=== Begin Enclosure ===

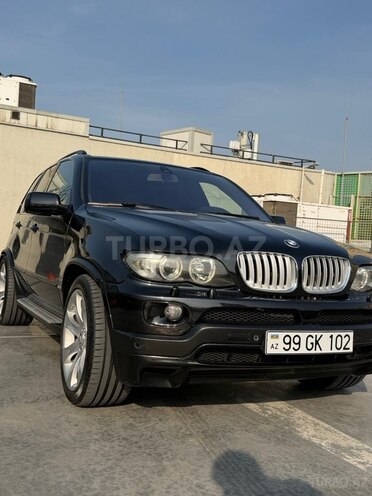 BMW X5 2006, 255,000 km - 4.8 л - Bakı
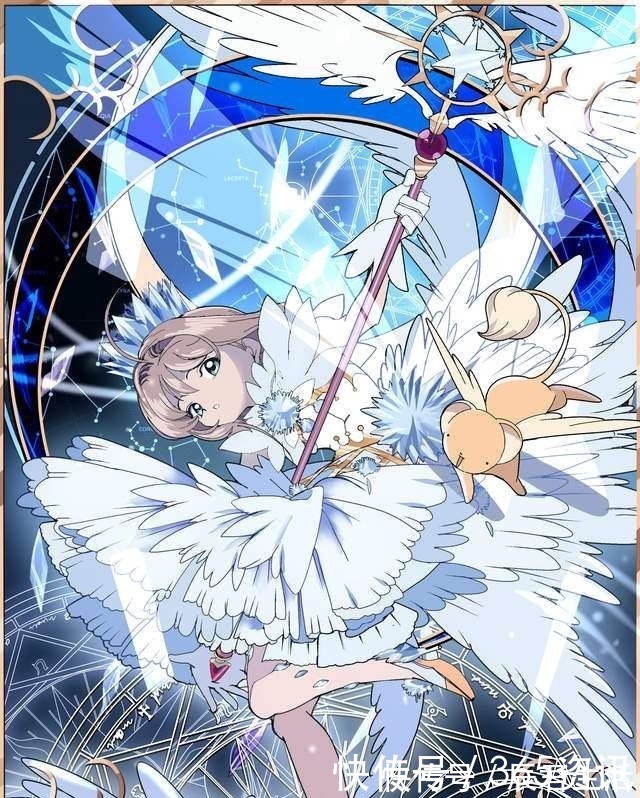 实物|画美实物更美!粉丝参照魔法少女小樱美图,自制高水准天使樱模型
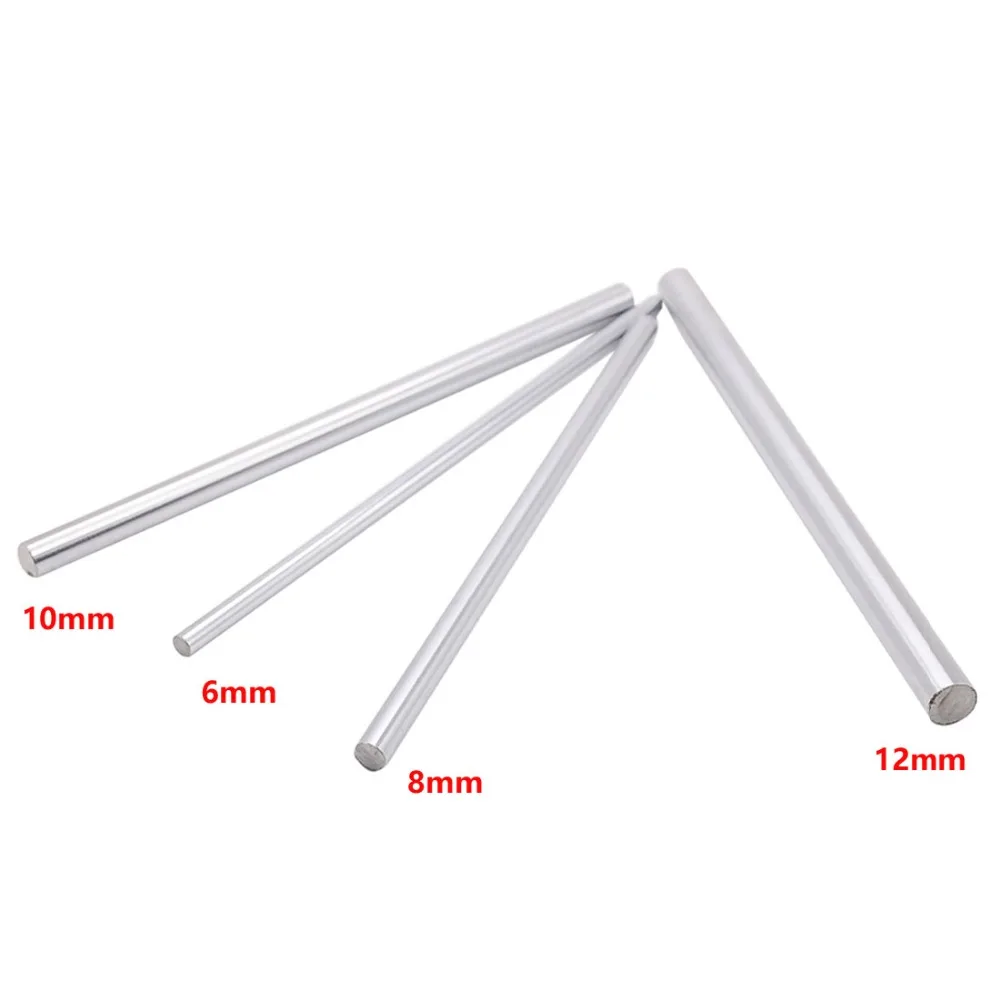 4pcs linear shaft 6mm 8mm 10mm 12 16 8x400mm linear shaft 3d printer 8mm x 400mm Cylinder Liner Rail axis cnc parts
4pcs linear shaft 6mm 8mm 10mm 12 16 8x400mm linear shaft 3d printer 8mm x 400mm Cylinder Liner Rail axis cnc parts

=== End Enclosure ===

Work to complete: The answer must consist solely of the lines from the line containing "实物|画美实物更美!粉丝参照魔法少女小樱美图,自制高水准天使樱模型" to the end of the data, reproduced exactly, with every picture left out.

Answer section:
 实物|画美实物更美!粉丝参照魔法少女小樱美图,自制高水准天使樱模型
 4pcs linear shaft 6mm 8mm 10mm 12 16 8x400mm linear shaft 3d printer 8mm x 400mm Cylinder Liner Rail axis cnc parts
4pcs linear shaft 6mm 8mm 10mm 12 16 8x400mm linear shaft 3d printer 8mm x 400mm Cylinder Liner Rail axis cnc parts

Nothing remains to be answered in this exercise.